The International Campaign for Tibet welcomes the announcement by the EU Presidency that it intends to make an official visit to Tibet prior to the EU-China Bilateral Human Rights Dialogue being held in Beijing later this month.
“This is the first official EU visit to Tibet since its controversial trip of 1998. It demonstrates that the EU Presidency acknowledges the ongoing human rights abuses by China in Tibet and sends a political message to China that the EU remains concerned about the situation in the forcefully-controlled region,” said Ms. Tsering Jampa, Executive Director, ICT Europe.
“Freedom of religion is severely curtailed in Tibet as are civil and political rights. Despite the EU’s assurances that the EU-China Dialogue safeguards human rights, it is well documented that China is still imposing repressive measures in Tibet. The Troika must take the information gleaned during its visit to significantly strengthen the dialogue when it comes to Tibet,” said Ms. Jampa.
ICT maintains that human rights violations in Tibet will continue to occur so long as the political situation of Tibet remains unresolved. ICT therefore calls on the EU to use every opportunity during the visit and dialogue to encourage China to commence substantive discussions with the Dalai Lama to resolve the issue.
ICT fears the EU-China arms embargo will dominate discussions during this round of the EU-China Bilateral Human Rights Dialogue and rejects lifting the embargo in the near future.
“Significant change in China is warranted before the EU can morally commit to lifting the EU-China arms embargo – this is not going to happen within 6 or 12 months. China has not yet demonstrated that it would not use such weapons against its own people or to suppress political dissent in Tibet and Xinjiang,” Ms Jampa added.
The EU Troika will visit Tibet’s capital, Lhasa, and its surrounding areas from 20-23 September 2004. The trip is intended to gather information about the human rights situation there; however, it is believed that no prison visits will be made by the delegation.
“We support the EU’s decision not to visit prisons inside Tibet. Our experience from past delegations is that that visitors are not likely to see the real situation and prisoners may inadvertently be placed at risk by trying to contact the delegation or make some political statement,” said Ms. Jampa.
“Of course it is impossible for political prisoners to speak freely to visiting delegations. It is prohibited and they would only be allowed to say what the Chinese tell them to say. In 1998 we were even completely unaware of the European delegation’s visit to Drapchi. If we had known, we would have felt compelled to shout out our beliefs. After all, we were already in prison for that very reason,” said Ms. Ngawang Sangdrol, former political prisoner and ICT human rights analyst.

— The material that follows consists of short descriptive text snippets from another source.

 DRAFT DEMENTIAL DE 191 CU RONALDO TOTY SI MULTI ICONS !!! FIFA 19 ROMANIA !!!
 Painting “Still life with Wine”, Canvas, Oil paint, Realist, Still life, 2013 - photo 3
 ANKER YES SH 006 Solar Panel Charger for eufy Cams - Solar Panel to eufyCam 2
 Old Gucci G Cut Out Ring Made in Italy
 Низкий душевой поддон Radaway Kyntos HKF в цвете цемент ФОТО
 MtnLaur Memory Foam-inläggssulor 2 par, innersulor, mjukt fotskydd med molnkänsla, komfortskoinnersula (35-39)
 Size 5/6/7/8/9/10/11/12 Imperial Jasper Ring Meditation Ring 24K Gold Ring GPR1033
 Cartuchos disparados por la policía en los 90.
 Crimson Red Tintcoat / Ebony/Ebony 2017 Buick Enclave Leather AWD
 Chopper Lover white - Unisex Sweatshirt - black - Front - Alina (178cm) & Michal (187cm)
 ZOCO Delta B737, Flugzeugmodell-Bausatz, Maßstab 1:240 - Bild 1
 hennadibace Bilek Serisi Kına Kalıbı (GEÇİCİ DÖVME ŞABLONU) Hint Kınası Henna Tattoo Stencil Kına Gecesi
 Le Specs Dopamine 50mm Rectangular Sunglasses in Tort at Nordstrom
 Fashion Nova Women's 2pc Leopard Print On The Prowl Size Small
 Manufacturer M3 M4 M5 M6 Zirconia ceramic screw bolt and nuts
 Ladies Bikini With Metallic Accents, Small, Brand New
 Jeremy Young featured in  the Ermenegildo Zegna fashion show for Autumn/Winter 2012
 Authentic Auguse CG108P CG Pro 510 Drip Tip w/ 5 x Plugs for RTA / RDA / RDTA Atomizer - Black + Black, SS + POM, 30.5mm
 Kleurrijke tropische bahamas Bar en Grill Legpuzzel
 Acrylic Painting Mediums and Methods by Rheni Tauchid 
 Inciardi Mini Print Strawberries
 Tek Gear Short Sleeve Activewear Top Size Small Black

“Living in freedom it may be hard to imagine that a few words can bring severe punishment. But I remember how it was and every day I think of my brothers and sisters still jailed in Drapchi prison. The European delegation is obliged to speak freely to the Chinese authorities for those people. This is what I ask them to do,” Ms. Sangdrol added.
The last official EU visit to Tibet was made by a delegation of Beijing-based ambassadors in May 1998. Unbeknown to the delegation, a protest broke out during their visit to the notorious Drapchi Prision and armed People’s Armed Police (PAP) personnel were called in to control the situation. It is believed that 11 deaths of in-mates occurred in the weeks following the protests. All current political prisoners in Drapchi still suffer the consequences of incident that occurred during the EU visit, even if they were not involved in the peaceful protests, with some political prisoners reportedly still detained in punishment blocks.